▸ Task objective
Could you return every record below exactly as it is written?
:: Data records ::
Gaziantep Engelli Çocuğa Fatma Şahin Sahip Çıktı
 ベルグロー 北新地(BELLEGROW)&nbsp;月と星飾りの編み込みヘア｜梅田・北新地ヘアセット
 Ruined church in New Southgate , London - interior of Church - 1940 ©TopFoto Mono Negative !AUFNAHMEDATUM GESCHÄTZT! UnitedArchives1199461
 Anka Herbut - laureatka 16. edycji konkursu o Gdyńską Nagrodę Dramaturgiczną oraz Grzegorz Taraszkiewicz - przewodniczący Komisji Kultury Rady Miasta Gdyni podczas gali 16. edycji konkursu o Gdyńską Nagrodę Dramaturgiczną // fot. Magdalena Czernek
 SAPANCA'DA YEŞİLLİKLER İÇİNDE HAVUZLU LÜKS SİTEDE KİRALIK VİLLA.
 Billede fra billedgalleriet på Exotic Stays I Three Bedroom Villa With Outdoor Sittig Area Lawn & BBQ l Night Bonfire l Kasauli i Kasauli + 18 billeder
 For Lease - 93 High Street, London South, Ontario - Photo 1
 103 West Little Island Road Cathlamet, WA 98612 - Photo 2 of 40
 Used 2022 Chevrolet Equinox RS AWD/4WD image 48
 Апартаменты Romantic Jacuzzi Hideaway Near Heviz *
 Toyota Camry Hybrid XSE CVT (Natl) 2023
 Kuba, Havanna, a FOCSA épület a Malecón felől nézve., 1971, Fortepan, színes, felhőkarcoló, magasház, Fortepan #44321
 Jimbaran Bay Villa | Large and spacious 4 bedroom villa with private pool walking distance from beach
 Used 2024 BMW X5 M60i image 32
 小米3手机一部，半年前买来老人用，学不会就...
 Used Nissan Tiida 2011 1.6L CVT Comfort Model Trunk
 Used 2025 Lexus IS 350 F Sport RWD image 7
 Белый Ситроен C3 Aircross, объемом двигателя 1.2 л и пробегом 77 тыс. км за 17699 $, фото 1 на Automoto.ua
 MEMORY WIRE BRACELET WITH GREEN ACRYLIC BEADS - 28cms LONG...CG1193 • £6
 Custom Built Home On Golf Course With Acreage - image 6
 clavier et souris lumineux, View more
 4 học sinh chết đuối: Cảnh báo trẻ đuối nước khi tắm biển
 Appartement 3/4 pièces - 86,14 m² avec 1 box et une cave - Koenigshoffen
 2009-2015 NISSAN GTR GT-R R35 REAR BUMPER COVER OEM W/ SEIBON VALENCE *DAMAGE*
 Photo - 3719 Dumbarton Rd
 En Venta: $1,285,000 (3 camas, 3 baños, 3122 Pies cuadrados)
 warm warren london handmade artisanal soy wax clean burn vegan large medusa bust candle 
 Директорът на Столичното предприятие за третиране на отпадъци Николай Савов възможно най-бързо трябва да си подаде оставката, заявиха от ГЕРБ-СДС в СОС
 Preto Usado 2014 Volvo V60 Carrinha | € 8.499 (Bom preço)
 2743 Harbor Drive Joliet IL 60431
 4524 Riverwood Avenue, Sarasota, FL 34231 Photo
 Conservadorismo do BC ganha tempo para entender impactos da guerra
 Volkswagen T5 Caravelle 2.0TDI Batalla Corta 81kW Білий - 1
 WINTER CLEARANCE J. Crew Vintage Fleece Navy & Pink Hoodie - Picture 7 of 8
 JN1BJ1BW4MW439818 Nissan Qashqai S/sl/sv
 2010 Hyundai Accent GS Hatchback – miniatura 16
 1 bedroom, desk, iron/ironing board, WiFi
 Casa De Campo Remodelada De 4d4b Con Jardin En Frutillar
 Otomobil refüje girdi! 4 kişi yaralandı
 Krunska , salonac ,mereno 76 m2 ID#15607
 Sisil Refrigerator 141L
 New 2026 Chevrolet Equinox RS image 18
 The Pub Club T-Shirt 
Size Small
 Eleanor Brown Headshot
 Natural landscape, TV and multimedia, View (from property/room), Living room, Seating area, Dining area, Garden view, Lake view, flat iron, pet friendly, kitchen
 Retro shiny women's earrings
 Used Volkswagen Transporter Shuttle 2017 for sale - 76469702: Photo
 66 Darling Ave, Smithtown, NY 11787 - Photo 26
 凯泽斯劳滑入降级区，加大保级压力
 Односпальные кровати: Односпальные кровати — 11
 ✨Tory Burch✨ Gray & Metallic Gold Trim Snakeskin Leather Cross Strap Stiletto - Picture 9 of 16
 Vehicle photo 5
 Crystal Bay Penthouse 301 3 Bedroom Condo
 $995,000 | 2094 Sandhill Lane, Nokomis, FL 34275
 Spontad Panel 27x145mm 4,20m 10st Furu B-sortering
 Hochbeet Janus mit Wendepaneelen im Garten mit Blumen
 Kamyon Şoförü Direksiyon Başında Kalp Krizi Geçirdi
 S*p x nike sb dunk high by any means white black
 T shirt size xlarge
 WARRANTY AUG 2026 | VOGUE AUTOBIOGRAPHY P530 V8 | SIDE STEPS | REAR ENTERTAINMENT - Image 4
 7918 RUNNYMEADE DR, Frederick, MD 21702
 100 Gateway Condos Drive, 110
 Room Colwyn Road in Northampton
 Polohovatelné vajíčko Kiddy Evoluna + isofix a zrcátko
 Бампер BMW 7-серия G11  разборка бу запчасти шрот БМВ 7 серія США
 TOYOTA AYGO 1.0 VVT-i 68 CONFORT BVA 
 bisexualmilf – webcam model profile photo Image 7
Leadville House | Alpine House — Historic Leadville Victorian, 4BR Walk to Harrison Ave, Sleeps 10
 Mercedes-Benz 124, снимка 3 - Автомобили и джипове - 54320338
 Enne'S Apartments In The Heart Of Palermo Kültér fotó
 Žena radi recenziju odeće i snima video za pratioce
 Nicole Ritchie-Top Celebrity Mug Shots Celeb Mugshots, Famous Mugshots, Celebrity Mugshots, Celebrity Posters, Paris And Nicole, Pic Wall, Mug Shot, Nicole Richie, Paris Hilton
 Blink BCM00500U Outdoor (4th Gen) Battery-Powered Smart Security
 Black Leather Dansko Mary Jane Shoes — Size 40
:::
▸ Result of the exercise
Gaziantep Engelli Çocuğa Fatma Şahin Sahip Çıktı
 ベルグロー 北新地(BELLEGROW)&nbsp;月と星飾りの編み込みヘア｜梅田・北新地ヘアセット
 Ruined church in New Southgate , London - interior of Church - 1940 ©TopFoto Mono Negative !AUFNAHMEDATUM GESCHÄTZT! UnitedArchives1199461
 Anka Herbut - laureatka 16. edycji konkursu o Gdyńską Nagrodę Dramaturgiczną oraz Grzegorz Taraszkiewicz - przewodniczący Komisji Kultury Rady Miasta Gdyni podczas gali 16. edycji konkursu o Gdyńską Nagrodę Dramaturgiczną // fot. Magdalena Czernek
 SAPANCA'DA YEŞİLLİKLER İÇİNDE HAVUZLU LÜKS SİTEDE KİRALIK VİLLA.
 Billede fra billedgalleriet på Exotic Stays I Three Bedroom Villa With Outdoor Sittig Area Lawn & BBQ l Night Bonfire l Kasauli i Kasauli + 18 billeder
 For Lease - 93 High Street, London South, Ontario - Photo 1
 103 West Little Island Road Cathlamet, WA 98612 - Photo 2 of 40
 Used 2022 Chevrolet Equinox RS AWD/4WD image 48
 Апартаменты Romantic Jacuzzi Hideaway Near Heviz *
 Toyota Camry Hybrid XSE CVT (Natl) 2023
 Kuba, Havanna, a FOCSA épület a Malecón felől nézve., 1971, Fortepan, színes, felhőkarcoló, magasház, Fortepan #44321
 Jimbaran Bay Villa | Large and spacious 4 bedroom villa with private pool walking distance from beach
 Used 2024 BMW X5 M60i image 32
 小米3手机一部，半年前买来老人用，学不会就...
 Used Nissan Tiida 2011 1.6L CVT Comfort Model Trunk
 Used 2025 Lexus IS 350 F Sport RWD image 7
 Белый Ситроен C3 Aircross, объемом двигателя 1.2 л и пробегом 77 тыс. км за 17699 $, фото 1 на Automoto.ua
 MEMORY WIRE BRACELET WITH GREEN ACRYLIC BEADS - 28cms LONG...CG1193 • £6
 Custom Built Home On Golf Course With Acreage - image 6
 clavier et souris lumineux, View more
 4 học sinh chết đuối: Cảnh báo trẻ đuối nước khi tắm biển
 Appartement 3/4 pièces - 86,14 m² avec 1 box et une cave - Koenigshoffen
 2009-2015 NISSAN GTR GT-R R35 REAR BUMPER COVER OEM W/ SEIBON VALENCE *DAMAGE*
 Photo - 3719 Dumbarton Rd
 En Venta: $1,285,000 (3 camas, 3 baños, 3122 Pies cuadrados)
 warm warren london handmade artisanal soy wax clean burn vegan large medusa bust candle 
 Директорът на Столичното предприятие за третиране на отпадъци Николай Савов възможно най-бързо трябва да си подаде оставката, заявиха от ГЕРБ-СДС в СОС
 Preto Usado 2014 Volvo V60 Carrinha | € 8.499 (Bom preço)
 2743 Harbor Drive Joliet IL 60431
 4524 Riverwood Avenue, Sarasota, FL 34231 Photo
 Conservadorismo do BC ganha tempo para entender impactos da guerra
 Volkswagen T5 Caravelle 2.0TDI Batalla Corta 81kW Білий - 1
 WINTER CLEARANCE J. Crew Vintage Fleece Navy & Pink Hoodie - Picture 7 of 8
 JN1BJ1BW4MW439818 Nissan Qashqai S/sl/sv
 2010 Hyundai Accent GS Hatchback – miniatura 16
 1 bedroom, desk, iron/ironing board, WiFi
 Casa De Campo Remodelada De 4d4b Con Jardin En Frutillar
 Otomobil refüje girdi! 4 kişi yaralandı
 Krunska , salonac ,mereno 76 m2 ID#15607
 Sisil Refrigerator 141L
 New 2026 Chevrolet Equinox RS image 18
 The Pub Club T-Shirt 
Size Small
 Eleanor Brown Headshot
 Natural landscape, TV and multimedia, View (from property/room), Living room, Seating area, Dining area, Garden view, Lake view, flat iron, pet friendly, kitchen
 Retro shiny women's earrings
 Used Volkswagen Transporter Shuttle 2017 for sale - 76469702: Photo
 66 Darling Ave, Smithtown, NY 11787 - Photo 26
 凯泽斯劳滑入降级区，加大保级压力
 Односпальные кровати: Односпальные кровати — 11
 ✨Tory Burch✨ Gray & Metallic Gold Trim Snakeskin Leather Cross Strap Stiletto - Picture 9 of 16
 Vehicle photo 5
 Crystal Bay Penthouse 301 3 Bedroom Condo
 $995,000 | 2094 Sandhill Lane, Nokomis, FL 34275
 Spontad Panel 27x145mm 4,20m 10st Furu B-sortering
 Hochbeet Janus mit Wendepaneelen im Garten mit Blumen
 Kamyon Şoförü Direksiyon Başında Kalp Krizi Geçirdi
 S*p x nike sb dunk high by any means white black
 T shirt size xlarge
 WARRANTY AUG 2026 | VOGUE AUTOBIOGRAPHY P530 V8 | SIDE STEPS | REAR ENTERTAINMENT - Image 4
 7918 RUNNYMEADE DR, Frederick, MD 21702
 100 Gateway Condos Drive, 110
 Room Colwyn Road in Northampton
 Polohovatelné vajíčko Kiddy Evoluna + isofix a zrcátko
 Бампер BMW 7-серия G11  разборка бу запчасти шрот БМВ 7 серія США
 TOYOTA AYGO 1.0 VVT-i 68 CONFORT BVA 
 bisexualmilf – webcam model profile photo Image 7
Leadville House | Alpine House — Historic Leadville Victorian, 4BR Walk to Harrison Ave, Sleeps 10
 Mercedes-Benz 124, снимка 3 - Автомобили и джипове - 54320338
 Enne'S Apartments In The Heart Of Palermo Kültér fotó
 Žena radi recenziju odeće i snima video za pratioce
 Nicole Ritchie-Top Celebrity Mug Shots Celeb Mugshots, Famous Mugshots, Celebrity Mugshots, Celebrity Posters, Paris And Nicole, Pic Wall, Mug Shot, Nicole Richie, Paris Hilton
 Blink BCM00500U Outdoor (4th Gen) Battery-Powered Smart Security
 Black Leather Dansko Mary Jane Shoes — Size 40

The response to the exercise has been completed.